Verlässt man Riga in Richtung Nordosten, wird es ganz schnell sehr ländlich. Doch auch hierher lockt nicht nur die schöne, waldreiche Landschaft, sondern ebenso ein hochkarätiges Kulturangebot. Wer bedenkt, dass das dünn besiedelte Land mit nicht einmal zwei Millionen Einwohnern in den letzten Jahrzehnten viele international bedeutende Künstler wie Elīna Garanča, Andris Nelsons und Baiba Skride hervorgebracht hat, ist davon nicht überrascht. Es lohnt sich also durchaus ein genauerer Blick auf das eigentlich kleine Cēsis, weil hier Außergewöhnliches geboten wird.
Im Mai 2014 wurde die örtliche Konzerthalle eröffnet, die seitdem das Herz der 17 000 Einwohner zählenden Stadt bildet. Das ist keineswegs selbstverständlich, hat die am Rande des Nationalparks Gauja gelegene Stadt doch auch sonst viel zu bieten. Die Ruine der ab 1209 errichteten Deutschordensburg, die ebenfalls aus dem 13. Jahrhundert stammende St.-Johannis-Basilika oder das im 18. Jahrhundert entstandene Neue Schloss sind nur die Glanzlichter.
Das Pēteris Vasks Festival
Das Zentrum für Musik mit landesweiter Strahlkraft befindet sich in der Nähe der Altstadt. Hier hat Architekt Juris Poga das hundert Jahre alte, von Augusts Lavess entworfene Gemeindezentrum in eine Konzerthalle umgestaltet. Sie beherbergt neben dem großen Saal für Sinfoniekonzerte, Opern-, Ballett- und Theateraufführungen auch einen kleinen Saal mit einer Orgel, ein Geschenk der Musikhochschule Lübeck. Da dort obendrein die regionale Musikschule untergebracht ist, herrscht hier ein reges Kommen und Gehen.

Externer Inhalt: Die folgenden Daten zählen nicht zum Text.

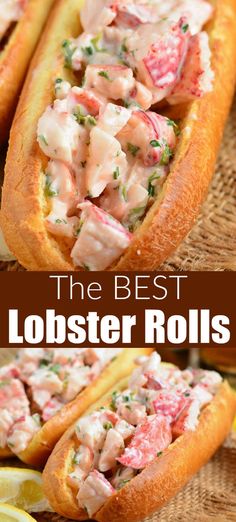 the best lobster roll recipe is made with bread and topped with fresh herbs, lemons, and parsley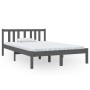 Estructura de cama doble pequeña madera maciza gris 120x190 cm de vidaXL, Camas y somieres - Ref: Foro24-814856, Precio: 123,...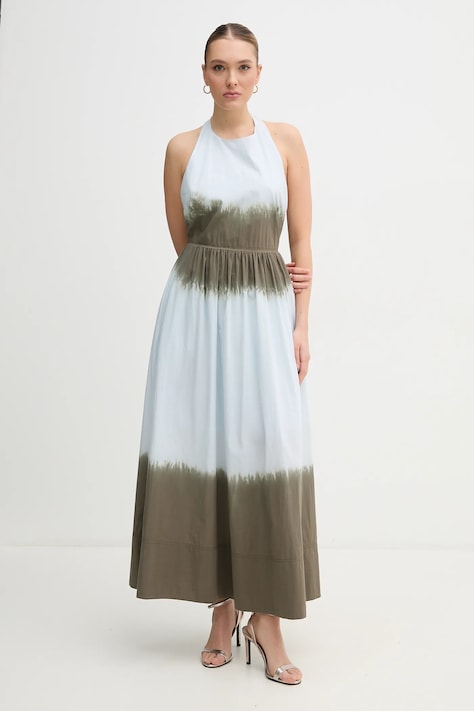 Dkny sukienka bawełniana kolor niebieski maxi rozkloszowana DJ5D9063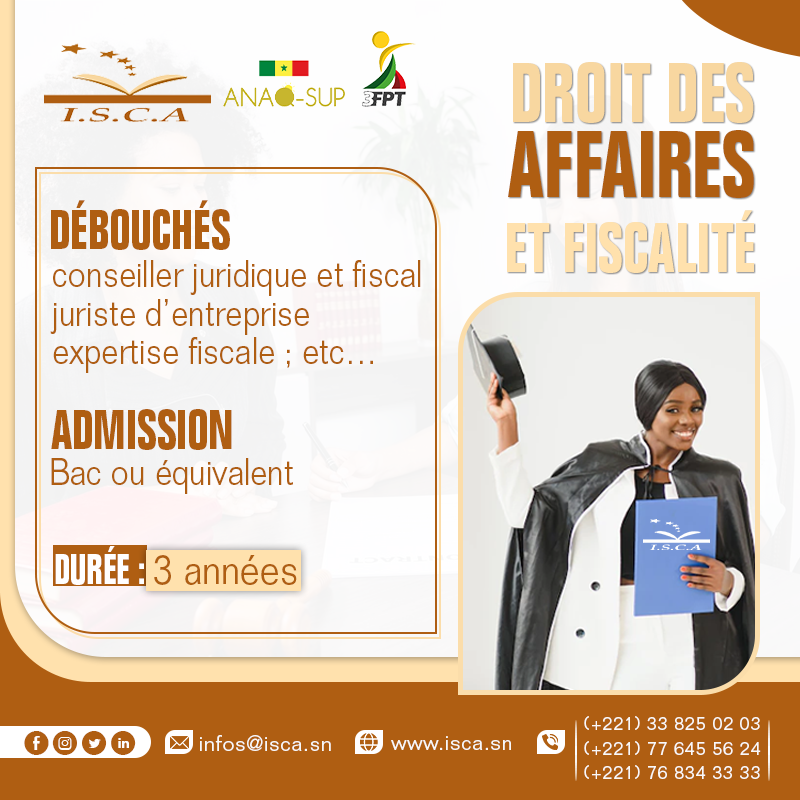 IscaDakar's tweet photo. [Rentrée Novembre 2022]
Passionné(e)s du DROIT? plus précisément des affaires et fiscalité? La filière Droit des affaires et fiscalité est pour vous!
Objectif: donner aux étudiants une double compétence: juridique et fiscale mais également financière.
https://t.co/3NMNseFxMK https://t.co/ENa8pqsumh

Der berühmteste lettische Komponist, Pēteris Vasks, hat in der Nähe von Cēsis sein Sommerhaus. Im Frühjahr 2018 fand in der Konzerthalle erstmals ein Festival zu seinen Ehren statt, dessen Programm er selbst zusammenstellte. Alle Schwerpunkte seines Schaffens, von Kammer- über Chormusik bis hin zu großer Sinfonik, wurden in vier Konzerten von hochkarätigen Solisten präsentiert. Hugo Ticciati spielte mit der Sinfonietta Rīga unter der Leitung von Juha Kangas Vasks’ „Distant Light“. Der Konzertabend wurde für den lettischen „Latvian Grand Music Award 2018“ nominiert, einen der wichtigsten Musikpreise des Landes.

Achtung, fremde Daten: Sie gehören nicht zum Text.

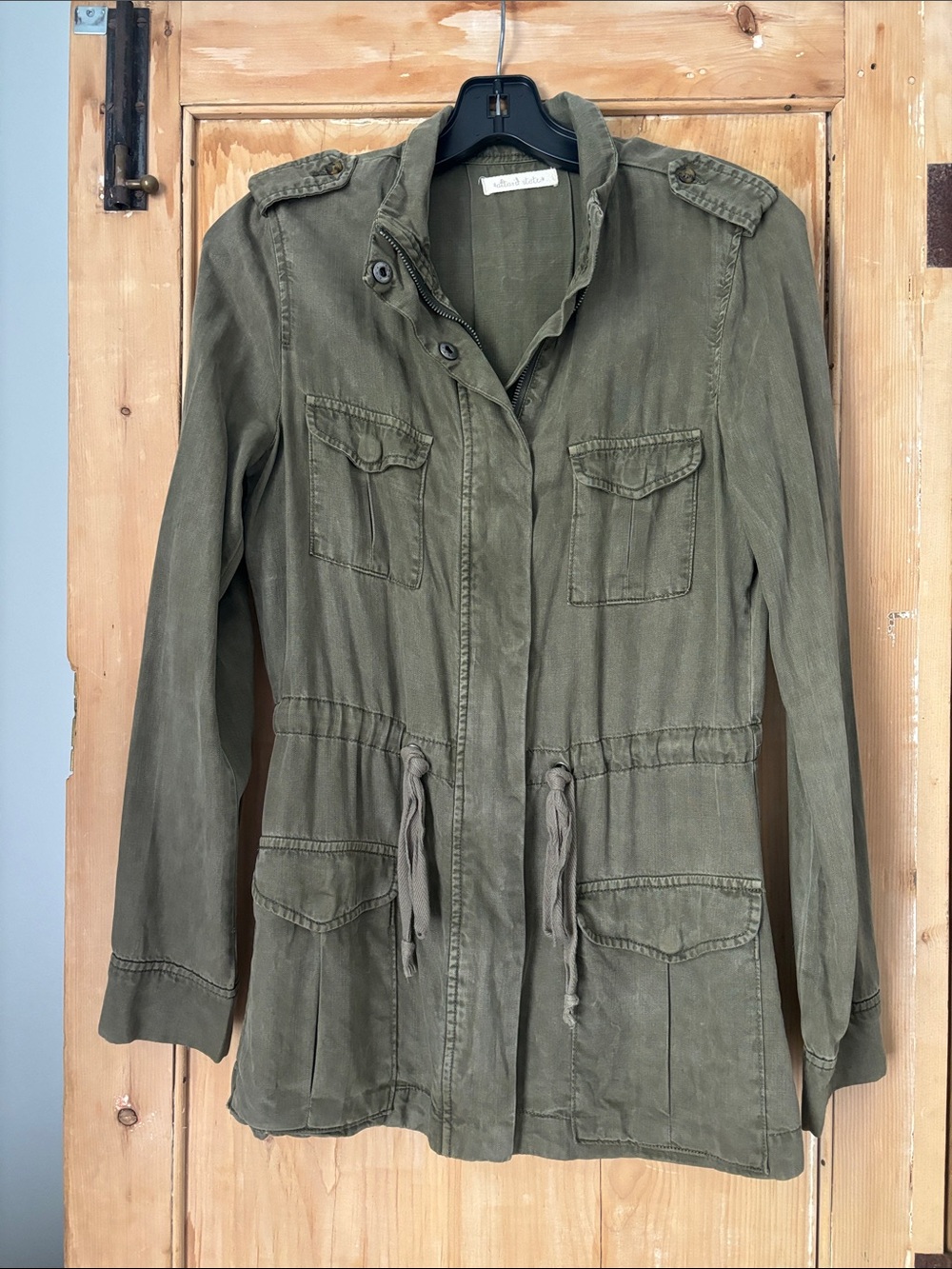 Altar'd State Olive Green Utility Jacket with Drawstring Waist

Ein Festival für ein Streichinstrument
Im April dieses Jahres geht das Festival in die zweite Runde. Dann wird auch Hugo Ticciati wieder vor Ort sein und das selten aufgeführte zweite Violinkonzert des Esten Erkki-Sven Tüür spielen. Bei diesem und anderen Programmen des Festivals möchte Vasks sein Schaffen als Teil der zeitgenössischen nordischen Musiklandschaft präsentieren. Auch Werke des Schweden Albert Schnelzer und des Finnen Olli Mustonen werden zu Gehör gebracht.
Die Nähe zum Wald hat bei der Bevölkerung von Cēsis eine besondere Verbundenheit zum Material Holz hervorgerufen. Deshalb sind nicht nur das Parkett und die Wandvertäfelungen der Konzerthalle aus dem Holz in der Region gewachsener Bäume gefertigt, das immer noch einen frischen Geruch abgibt. Auch den Wunsch, einem Instrument aus Holz ein Festival zu widmen, hat die Leitung des Konzerthauses umgesetzt: Seit 2015 eröffnet „Cello Cēsis“ jährlich die neuen Spielzeiten. Namhafte Künstler wie Nicolas Altstaedt, Marko Ylönen, Daniel Müller-Schott und Narek Hakhnazaryan sind bereits dort aufgetreten.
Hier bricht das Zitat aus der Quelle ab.